→ **ASSIGNMENT**: Extract precisely the lines that run from the line containing "Volvo C70 542 06-09 Waschwasserpumpe" to the end of the records below, with both ends included and pictures omitted.

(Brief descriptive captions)
:::

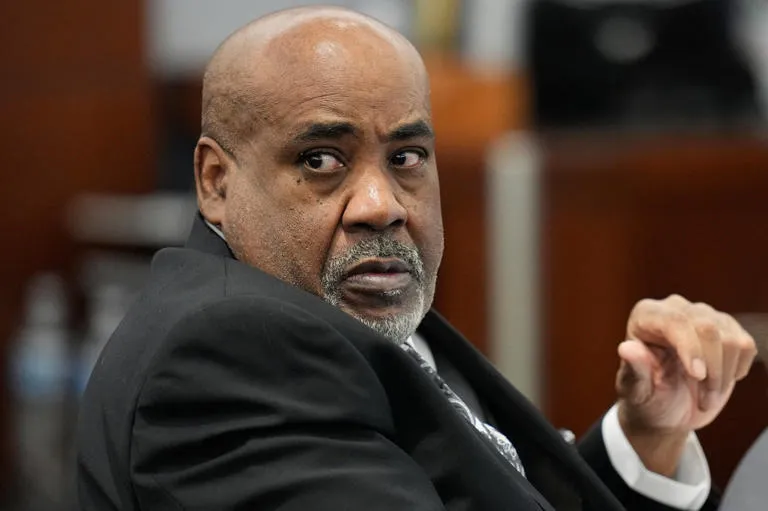 Familiares de Tupac Shakur abandonan juicio por fotos explícitas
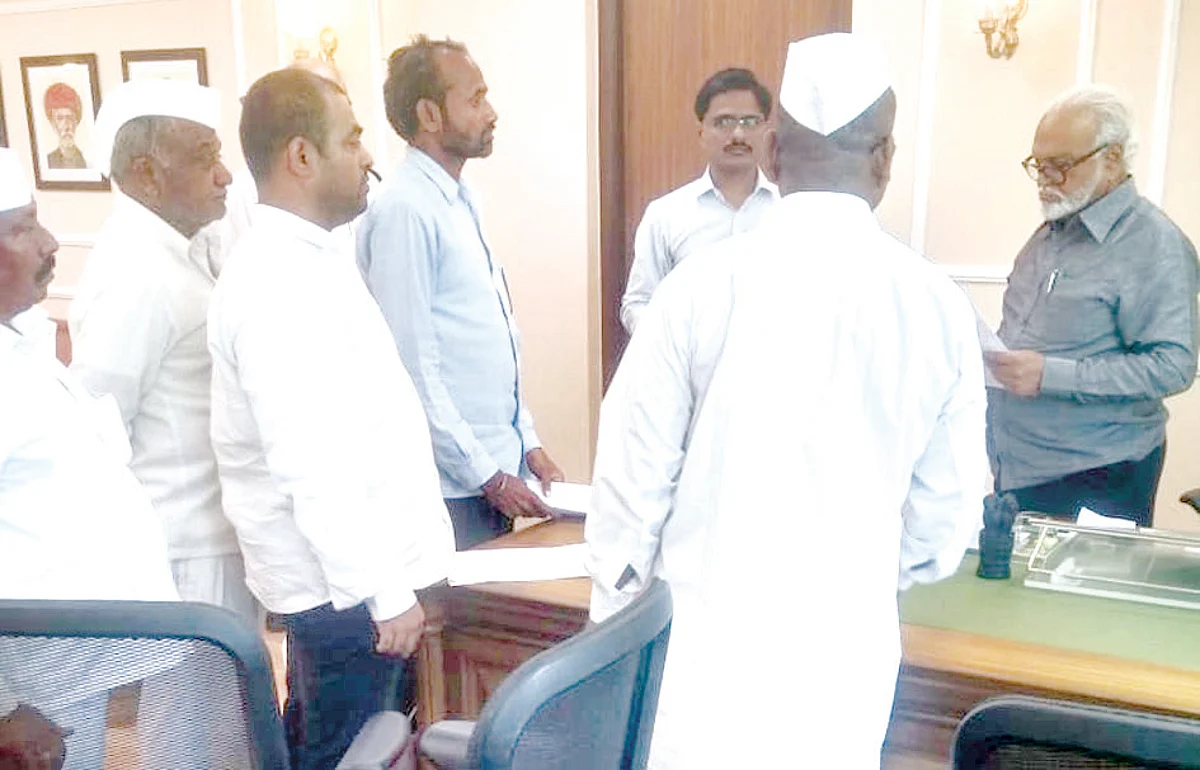 निफाड : पत्नी, मुलांसह शेतकऱ्याचा इच्छामरणासाठी मुख्यमंत्र्यांना अर्ज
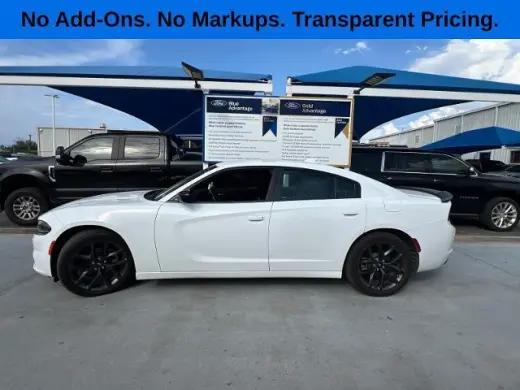 Dodge Charger 2023 SXT 4dr Sedan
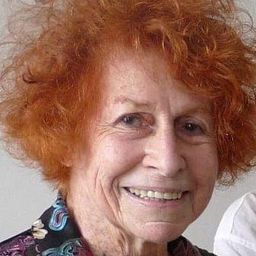 Marceline Loridan-Ivens 飾演 Self (uncredited)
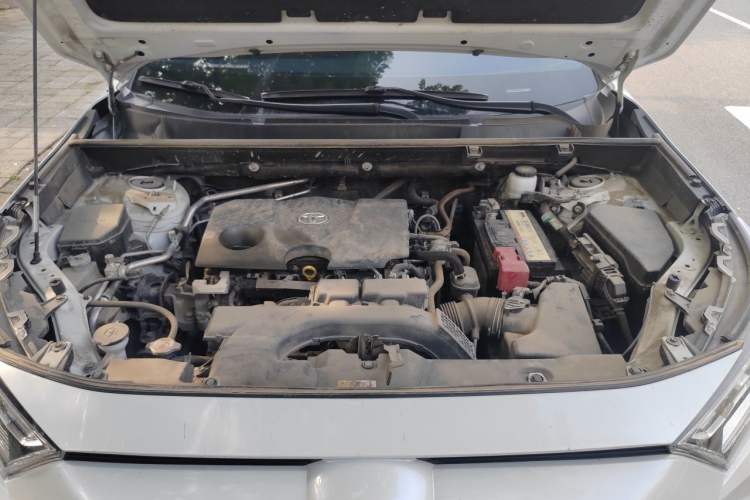 Used Toyota RAV4 2022 2.0L CVT Four-Wheel Drive Premium Edition Engine Bay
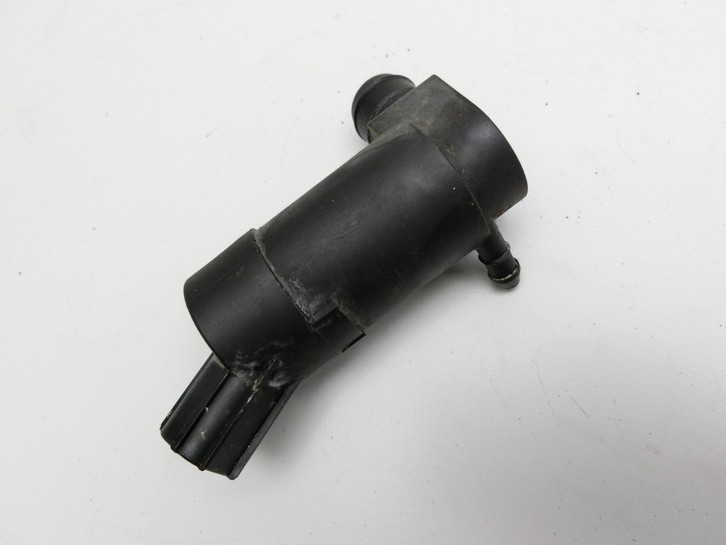 Volvo C70 542 06-09 Waschwasserpumpe Wischwasserpumpe Waschpumpe Vorne Volvo C70 542 06-09 01.06.2007 gebraucht Vorschau 4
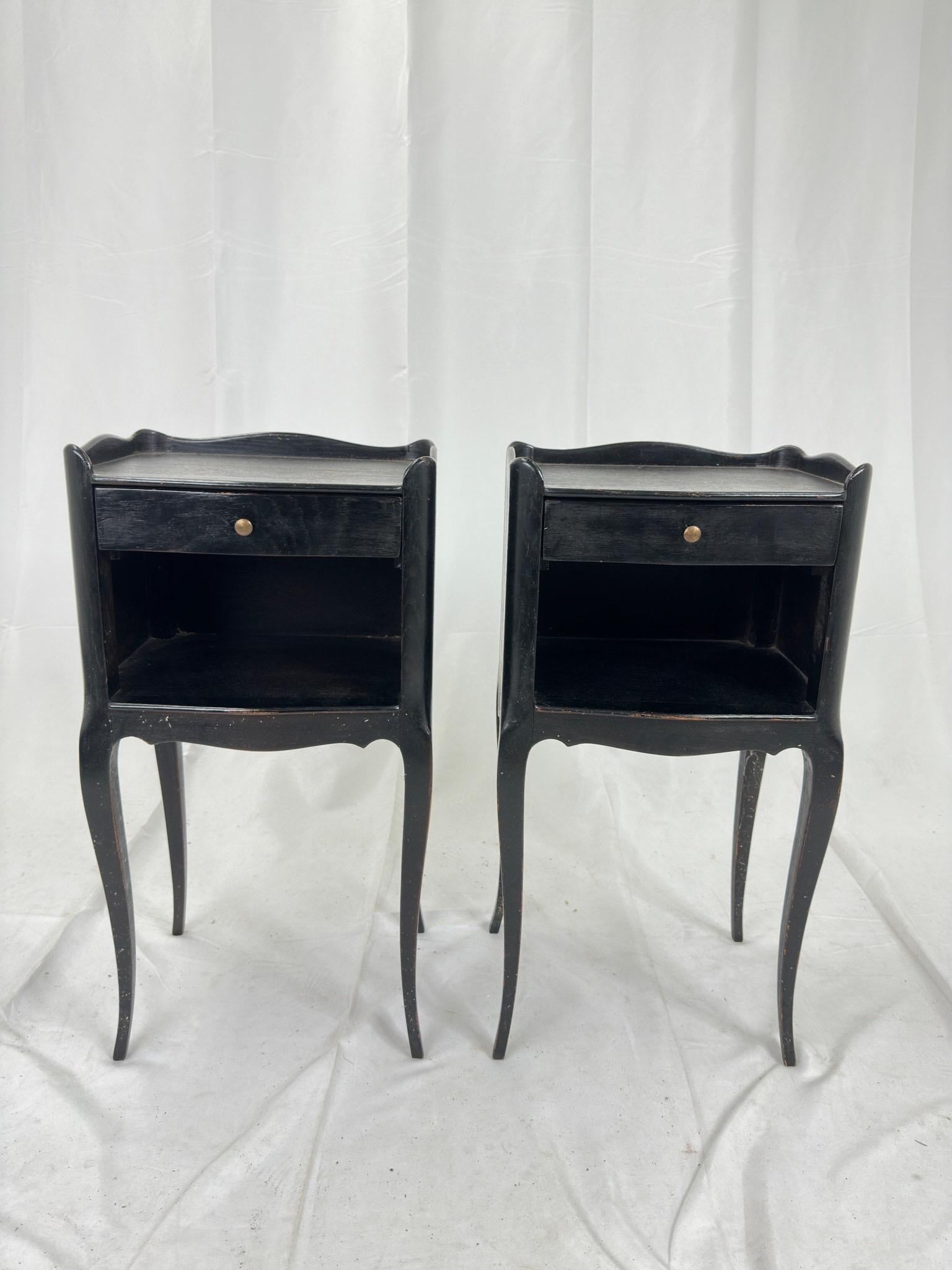 Pair of Vintage French Painted Bedside Tables 1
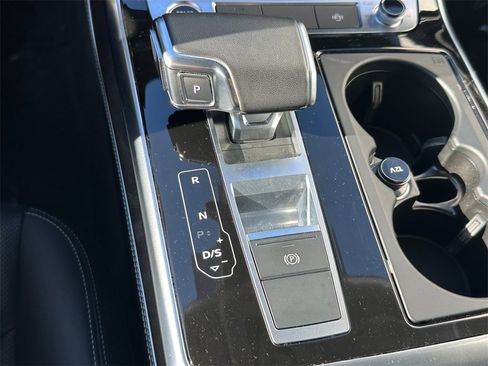 Used 2023 Audi Q8 Premium Plus w/ Premium Plus Package image 29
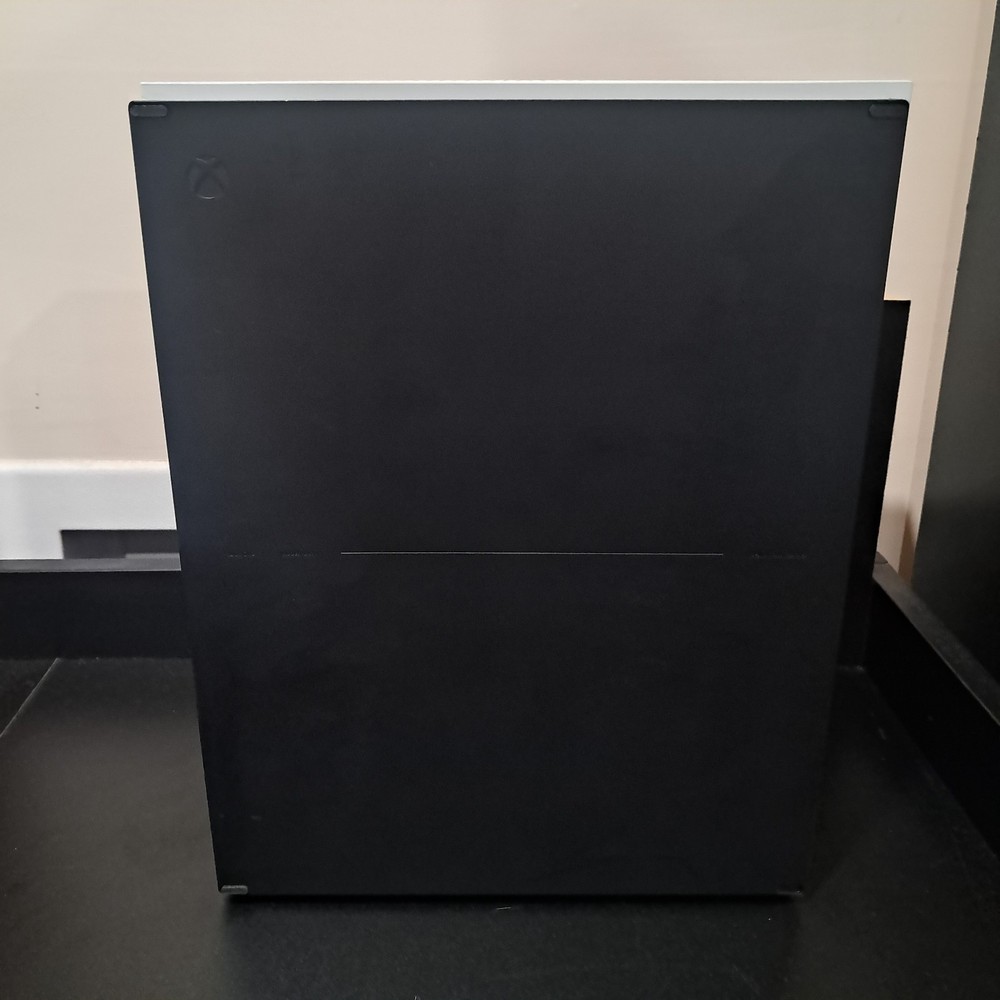 Xbox One S White 1 Console Disc Version & Controller HDR 4K Enhanced Microsoft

:::

→ **PROBLEM SOLUTION**:
 Volvo C70 542 06-09 Waschwasserpumpe Wischwasserpumpe Waschpumpe Vorne Volvo C70 542 06-09 01.06.2007 gebraucht Vorschau 4
 Pair of Vintage French Painted Bedside Tables 1
 Used 2023 Audi Q8 Premium Plus w/ Premium Plus Package image 29
 Xbox One S White 1 Console Disc Version & Controller HDR 4K Enhanced Microsoft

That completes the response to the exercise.